SUPERVISOR_SYSTEM_PROMPT = """You are a security intelligence coordinator.
Your job is to direct a threat analysis workflow by deciding which analysis
phase to run next.

Analysis phases available:
- "threat_intel": Search for current threat intelligence about the target
- "cve_lookup": Look up CVE details if the target is a CVE ID or if CVEs were mentioned
- "log_analysis": Search security logs for traces of the target
- "report": Generate the final structured threat assessment

Rules:
- Always run threat_intel first if it has not been done
- Run cve_lookup if the target is a CVE ID, or if threat_intel found CVE references
- Run log_analysis if the target is an IP or domain
- Run report when all applicable phases are complete
- Respond with ONLY a JSON object: {"next_phase": "phase_name", "reasoning": "one sentence"}
"""

def supervisor_node(state: SecurityIntelState) -> Command[Literal[
    "threat_intel_node", "cve_lookup_node", "log_analysis_node",
    "report_node", "__end__"
]]:
    """Routes the workflow to the appropriate next analysis node."""

    if state.get("report"):
        return Command(goto="__end__")

    completed = state.get("completed_phases", [])
    target_type = state.get("target_type", "unknown")

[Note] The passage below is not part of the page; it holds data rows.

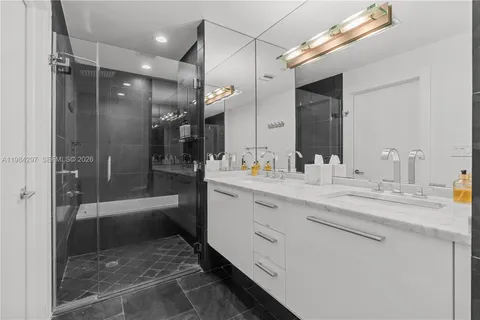 a bathroom with a sink mirror and toilet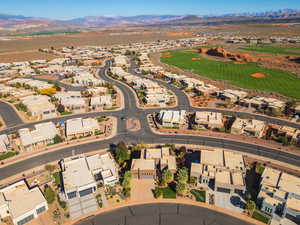 Aerial view of property and surrounding area with a mountain backdrop and nearby suburban area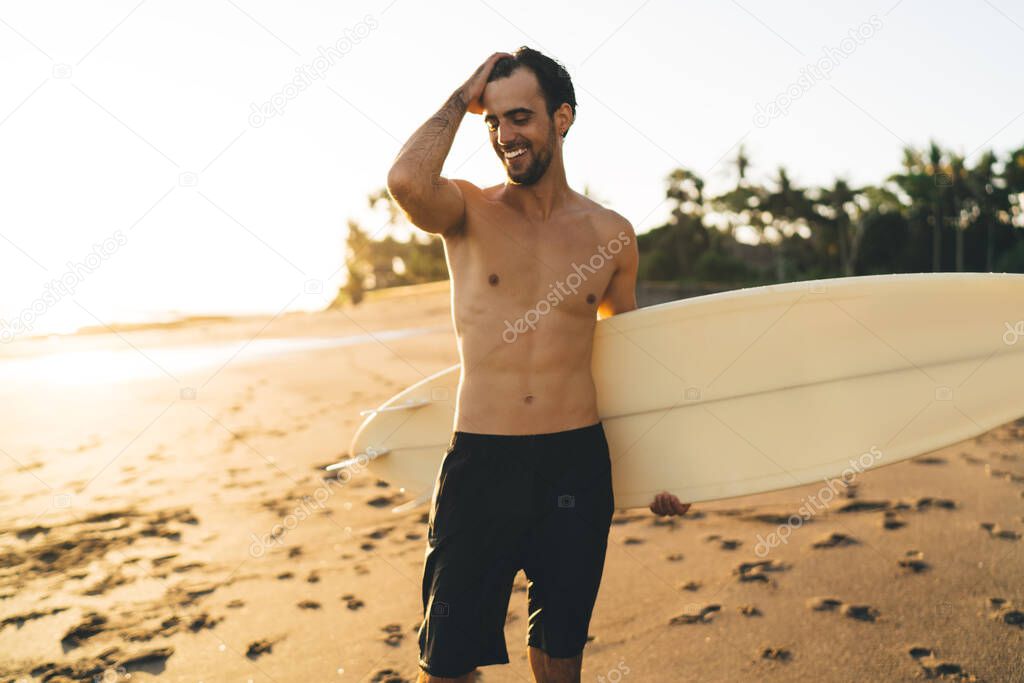 Cheerful surfer holding mock up surfboard with copy space for travel company or rent advertising, happy joyful guy enjoying summer tropical vacations for visiting Rio de Janeiro in Brazil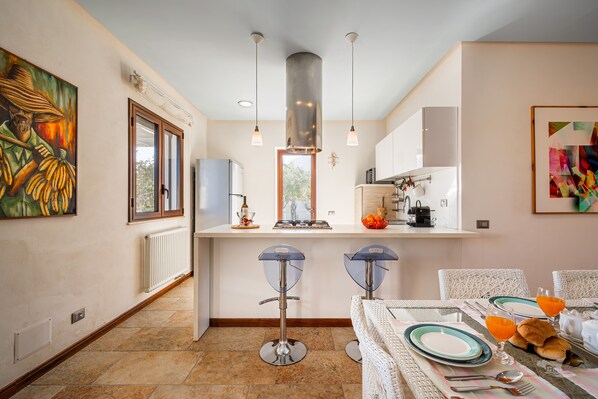 Una cocina moderna con dos taburetes de bar, una mesa de comedor para dos personas y un amplio ventanal.
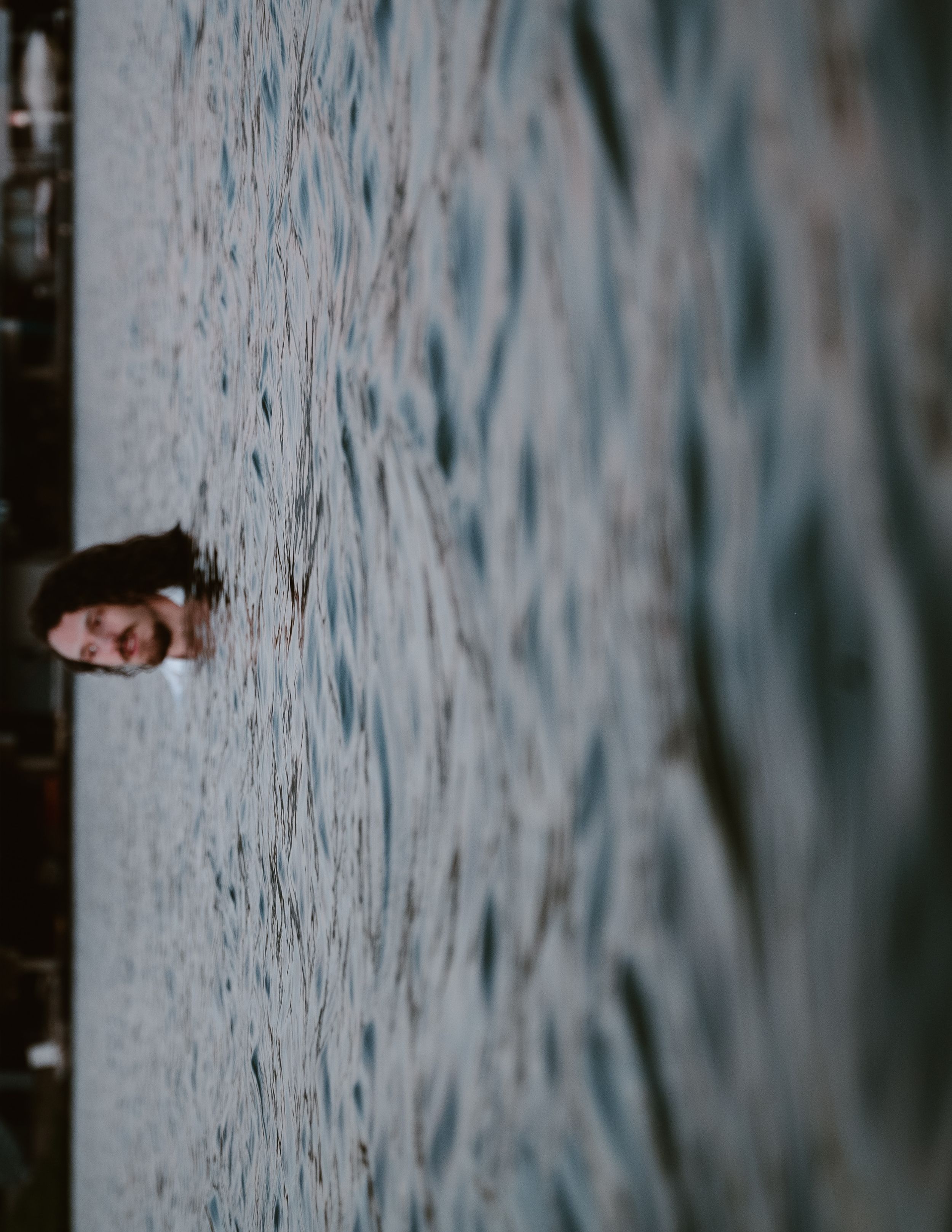 A figure emerges from rippling water creating an artistic reflection against the moody dark surface.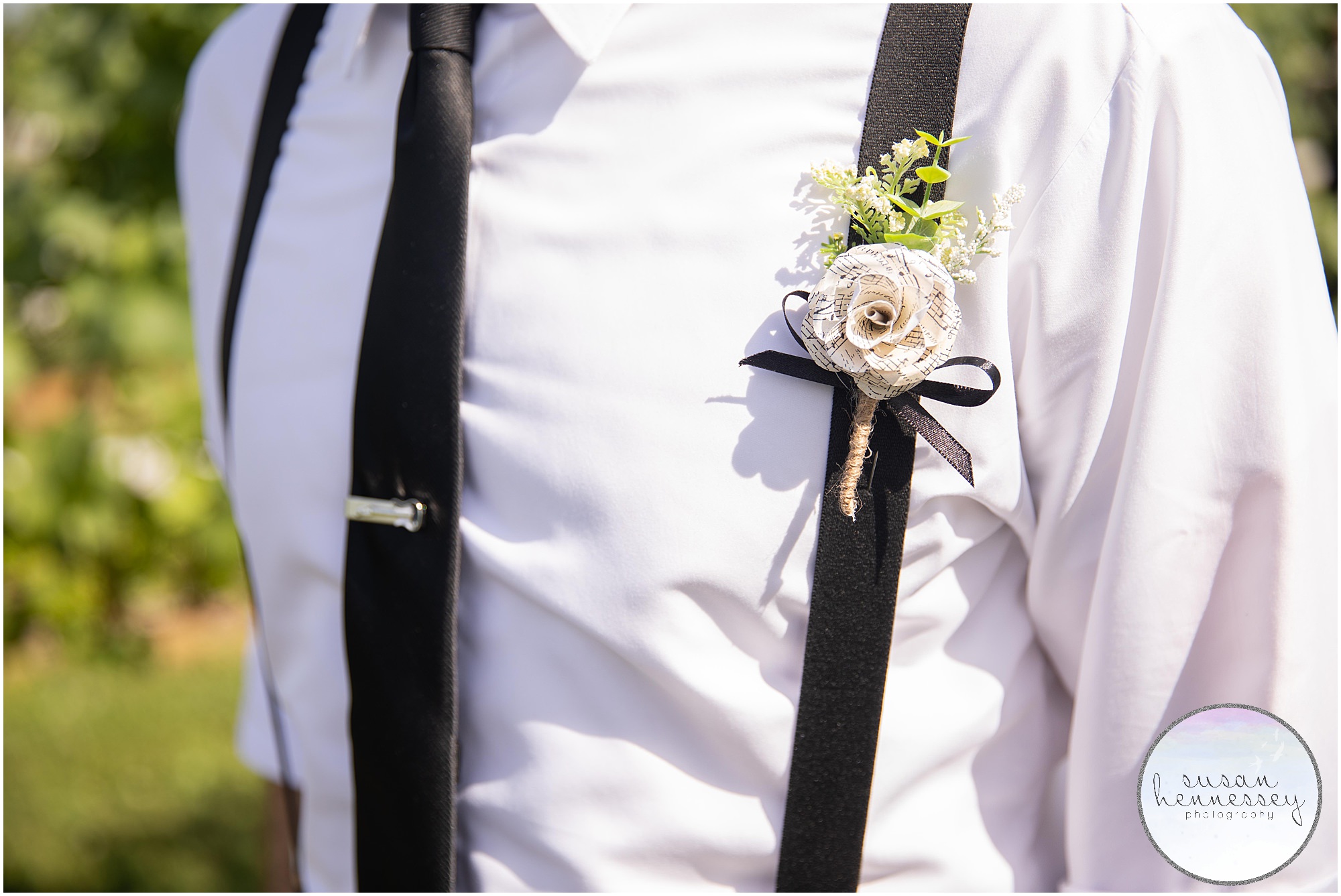 Detail of groom's music themed boutonniere. 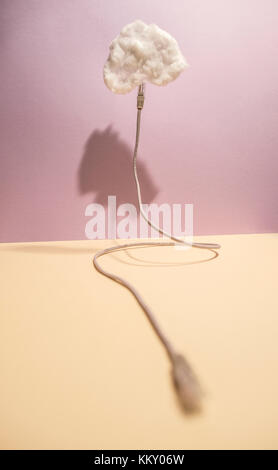 Clouds conception with cotton cloud and USB cable Stock Photo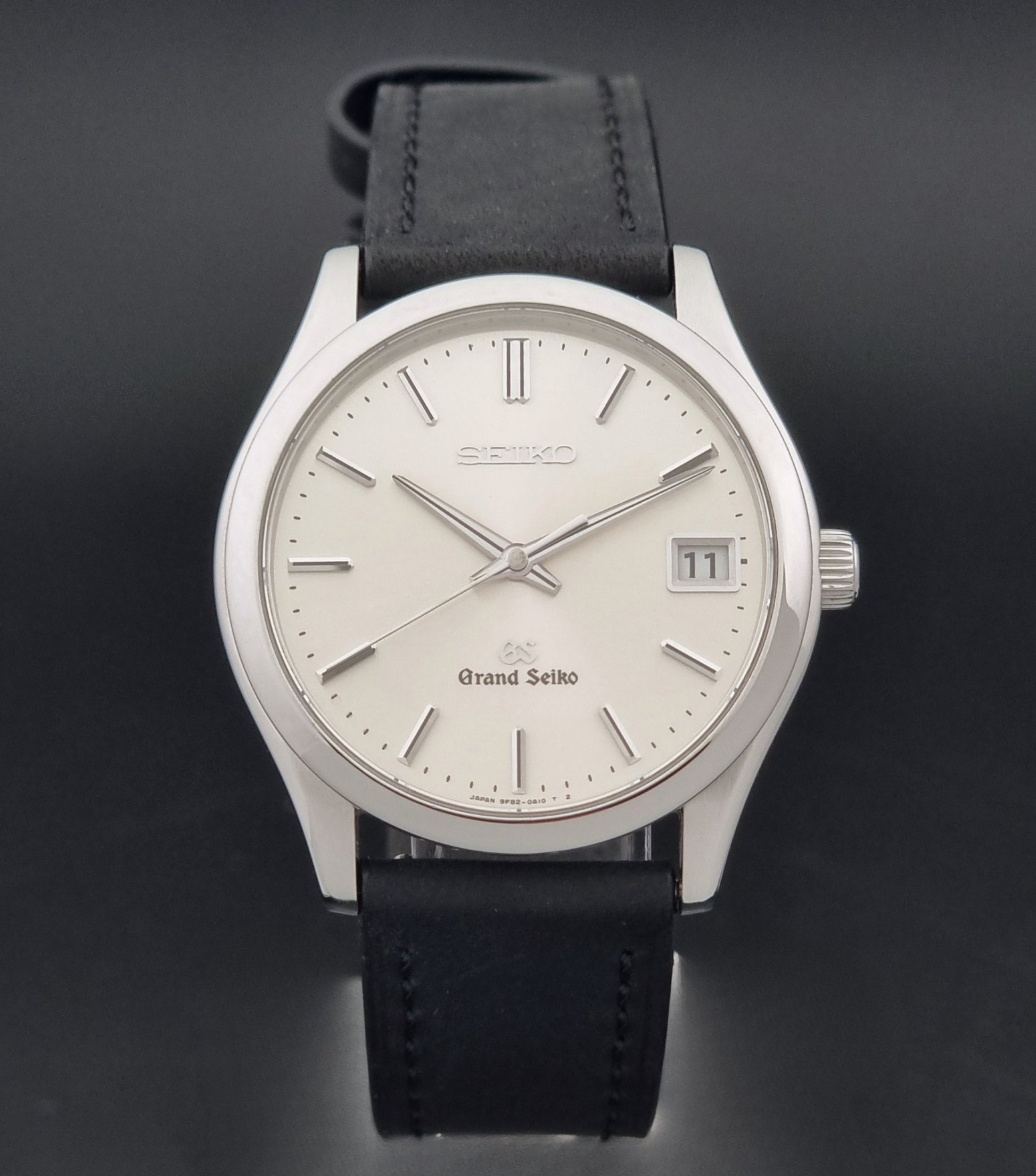 Grand Seiko SBGV001 quartz watch 9F82-0A10 with a silver-toned case,  and black leather strap, on a dark background close dial view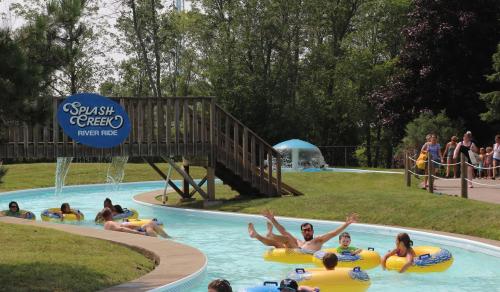 People enjoying a lazy river ride on inflatable tubes at Splash Creek, surrounded by greenery and a wooden bridge.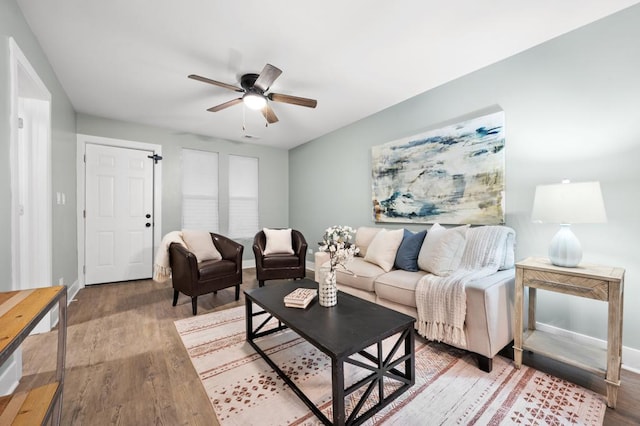 living room featuring hardwood / wood-style flooring and ceiling fan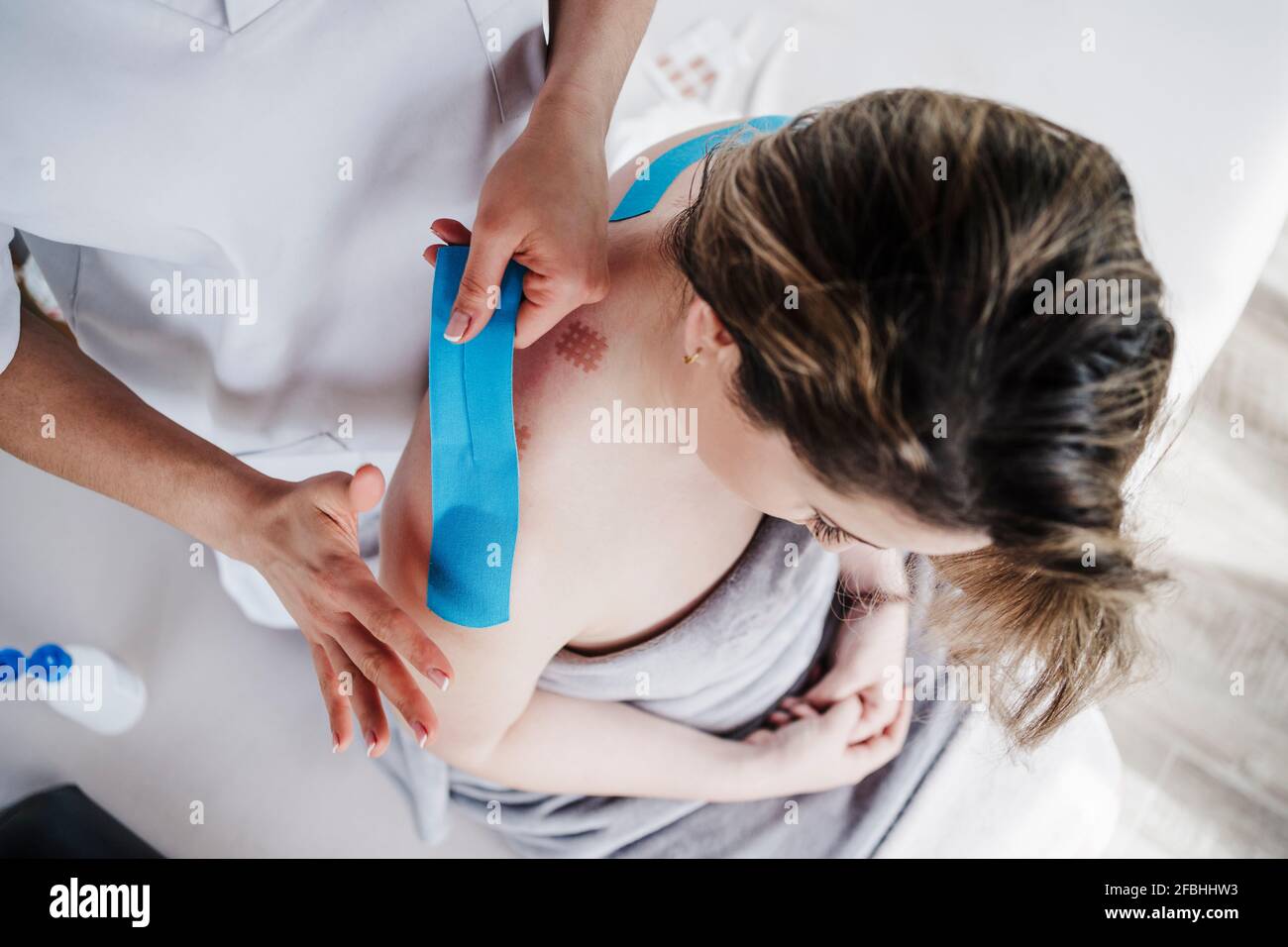 Physiotherapeutin klebt elastisches therapeutisches Klebeband an der Schulter des Patienten In der Klinik Stockfoto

    # Simple deterministic routing for reliability
    # (An LLM-based router is an option for more complex cases)
    if "threat_intel" not in completed:
        return Command(
            goto="threat_intel_node",
            update={"current_phase": "threat_intel"}
        )

    if "cve_lookup" not in completed and (
        target_type == "cve" or
        any("CVE-" in str(r) for r in state.get("threat_intel", []))
    ):
        return Command(
            goto="cve_lookup_node",
            update={"current_phase": "cve_lookup"}
        )

    if "log_analysis" not in completed and target_type in ("ip", "domain"):
        return Command(
            goto="log_analysis_node",
            update={"current_phase": "log_analysis"}
        )

    # All applicable phases done — generate report
    return Command(
        goto="report_node",
        update={"current_phase": "report"}
    )

A note on routing strategy: the supervisor above uses deterministic conditional logic. This is intentional. Using an LLM to route between nodes adds latency, token cost, and non-determinism. Save LLM calls for tasks that genuinely require reasoning — analysis, extraction, report writing. Let Python handle control flow.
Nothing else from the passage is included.